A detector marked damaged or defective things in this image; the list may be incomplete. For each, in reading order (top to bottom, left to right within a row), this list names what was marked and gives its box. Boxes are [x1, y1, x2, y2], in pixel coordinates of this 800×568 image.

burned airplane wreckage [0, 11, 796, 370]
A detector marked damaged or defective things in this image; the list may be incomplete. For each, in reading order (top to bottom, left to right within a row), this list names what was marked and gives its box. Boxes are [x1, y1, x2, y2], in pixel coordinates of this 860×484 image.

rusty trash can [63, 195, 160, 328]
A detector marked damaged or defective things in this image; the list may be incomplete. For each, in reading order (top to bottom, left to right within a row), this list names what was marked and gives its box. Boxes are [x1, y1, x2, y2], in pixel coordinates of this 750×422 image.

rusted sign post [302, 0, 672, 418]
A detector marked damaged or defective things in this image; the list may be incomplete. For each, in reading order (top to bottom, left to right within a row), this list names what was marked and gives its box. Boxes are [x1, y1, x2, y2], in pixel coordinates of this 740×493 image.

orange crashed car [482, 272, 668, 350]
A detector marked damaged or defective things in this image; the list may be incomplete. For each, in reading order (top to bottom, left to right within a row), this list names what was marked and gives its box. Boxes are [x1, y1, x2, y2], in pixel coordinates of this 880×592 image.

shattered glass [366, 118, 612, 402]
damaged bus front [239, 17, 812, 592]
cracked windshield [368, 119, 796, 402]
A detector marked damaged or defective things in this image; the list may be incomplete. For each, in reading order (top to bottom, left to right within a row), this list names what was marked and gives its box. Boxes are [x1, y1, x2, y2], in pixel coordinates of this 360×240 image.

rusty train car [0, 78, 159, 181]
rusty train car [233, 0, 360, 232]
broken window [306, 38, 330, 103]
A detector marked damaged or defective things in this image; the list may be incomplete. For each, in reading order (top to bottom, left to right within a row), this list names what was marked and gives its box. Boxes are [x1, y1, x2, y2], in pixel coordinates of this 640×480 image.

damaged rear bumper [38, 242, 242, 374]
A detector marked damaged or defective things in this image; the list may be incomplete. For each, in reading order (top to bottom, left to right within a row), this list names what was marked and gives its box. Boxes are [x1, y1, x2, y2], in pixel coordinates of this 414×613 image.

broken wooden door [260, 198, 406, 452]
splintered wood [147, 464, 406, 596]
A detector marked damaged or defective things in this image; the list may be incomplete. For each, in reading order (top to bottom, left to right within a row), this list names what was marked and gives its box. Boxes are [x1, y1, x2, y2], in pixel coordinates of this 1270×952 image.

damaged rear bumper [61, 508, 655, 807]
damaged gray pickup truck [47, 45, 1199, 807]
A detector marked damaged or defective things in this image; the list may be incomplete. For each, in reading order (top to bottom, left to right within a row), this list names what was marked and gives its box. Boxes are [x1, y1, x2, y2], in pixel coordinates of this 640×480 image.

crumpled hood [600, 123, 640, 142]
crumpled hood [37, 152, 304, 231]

===

• What you are asked to do: What you give back should be the full listing, copied exactly.

• Reply:
A detector marked damaged or defective things in this image; the list may be incomplete. For each, in reading order (top to bottom, left to right within a row), this list names what was marked and gives its box. Boxes are [x1, y1, x2, y2], in pixel coordinates of this 800×568 image.

burned airplane wreckage [0, 11, 796, 370]
A detector marked damaged or defective things in this image; the list may be incomplete. For each, in reading order (top to bottom, left to right within a row), this list names what was marked and gives its box. Boxes are [x1, y1, x2, y2], in pixel coordinates of this 860×484 image.

rusty trash can [63, 195, 160, 328]
A detector marked damaged or defective things in this image; the list may be incomplete. For each, in reading order (top to bottom, left to right within a row), this list names what was marked and gives its box. Boxes are [x1, y1, x2, y2], in pixel coordinates of this 750×422 image.

rusted sign post [302, 0, 672, 418]
A detector marked damaged or defective things in this image; the list may be incomplete. For each, in reading order (top to bottom, left to right within a row), this list names what was marked and gives its box. Boxes are [x1, y1, x2, y2], in pixel coordinates of this 740×493 image.

orange crashed car [482, 272, 668, 350]
A detector marked damaged or defective things in this image; the list may be incomplete. For each, in reading order (top to bottom, left to right within a row), this list names what was marked and gives its box. Boxes are [x1, y1, x2, y2], in pixel coordinates of this 880×592 image.

shattered glass [366, 118, 612, 402]
damaged bus front [239, 17, 812, 592]
cracked windshield [368, 119, 796, 402]
A detector marked damaged or defective things in this image; the list may be incomplete. For each, in reading order (top to bottom, left to right within a row), this list names what was marked and gives its box. Boxes are [x1, y1, x2, y2], in pixel coordinates of this 360×240 image.

rusty train car [0, 78, 159, 181]
rusty train car [233, 0, 360, 232]
broken window [306, 38, 330, 103]
A detector marked damaged or defective things in this image; the list may be incomplete. For each, in reading order (top to bottom, left to right within a row), this list names what was marked and gives its box. Boxes are [x1, y1, x2, y2], in pixel coordinates of this 640×480 image.

damaged rear bumper [38, 242, 242, 374]
A detector marked damaged or defective things in this image; the list may be incomplete. For each, in reading order (top to bottom, left to right within a row), this list names what was marked and gives its box. Boxes are [x1, y1, x2, y2], in pixel coordinates of this 414×613 image.

broken wooden door [260, 198, 406, 452]
splintered wood [147, 464, 406, 596]
A detector marked damaged or defective things in this image; the list may be incomplete. For each, in reading order (top to bottom, left to right within a row), this list names what was marked and gives its box. Boxes are [x1, y1, x2, y2], in pixel coordinates of this 1270×952 image.

damaged rear bumper [61, 508, 655, 807]
damaged gray pickup truck [47, 45, 1199, 807]
A detector marked damaged or defective things in this image; the list may be incomplete. For each, in reading order (top to bottom, left to right within a row), this list names what was marked and gives its box. Boxes are [x1, y1, x2, y2], in pixel coordinates of this 640×480 image.

crumpled hood [600, 123, 640, 142]
crumpled hood [37, 152, 304, 231]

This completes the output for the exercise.